Web page caption snippets
================================

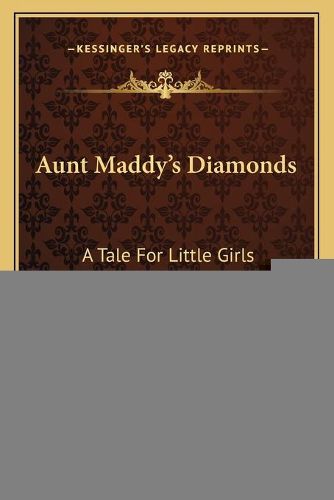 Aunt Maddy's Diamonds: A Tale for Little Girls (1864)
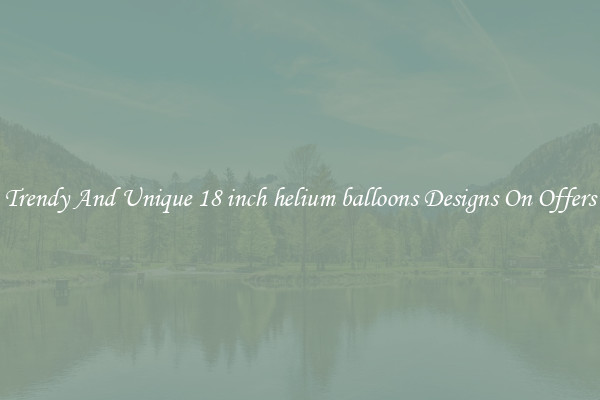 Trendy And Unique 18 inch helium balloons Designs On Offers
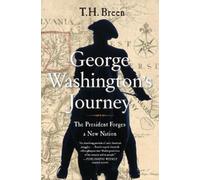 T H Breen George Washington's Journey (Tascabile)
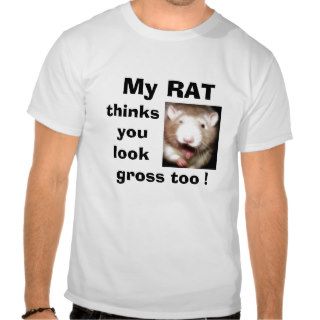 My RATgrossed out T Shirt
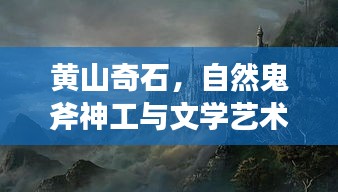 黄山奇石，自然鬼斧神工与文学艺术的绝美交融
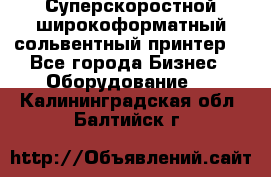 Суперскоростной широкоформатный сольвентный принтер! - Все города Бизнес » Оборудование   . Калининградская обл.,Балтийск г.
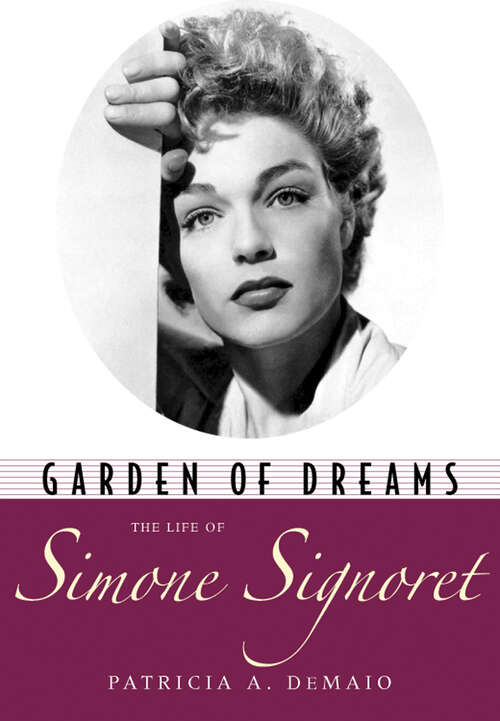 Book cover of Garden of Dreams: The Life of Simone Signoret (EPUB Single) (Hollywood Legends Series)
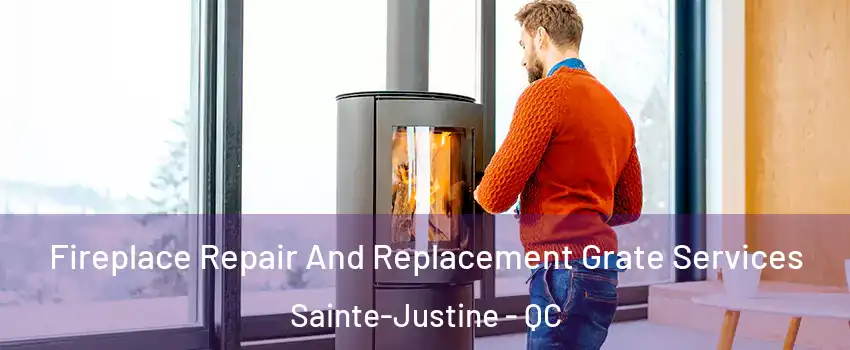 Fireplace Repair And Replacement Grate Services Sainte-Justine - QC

================================

Write out all the data exactly, minus pictures.

 Aunt Maddy's Diamonds: A Tale for Little Girls (1864)
 Trendy And Unique 18 inch helium balloons Designs On Offers
 T H Breen George Washington's Journey (Tascabile)
 My RATgrossed out T Shirt
 黄山奇石，自然鬼斧神工与文学艺术的绝美交融
 Суперскоростной широкоформатный сольвентный принтер! - Все города Бизнес » Оборудование   . Калининградская обл.,Балтийск г.
 Book cover of Garden of Dreams: The Life of Simone Signoret (EPUB Single) (Hollywood Legends Series)
 Fireplace Repair And Replacement Grate Services Sainte-Justine - QC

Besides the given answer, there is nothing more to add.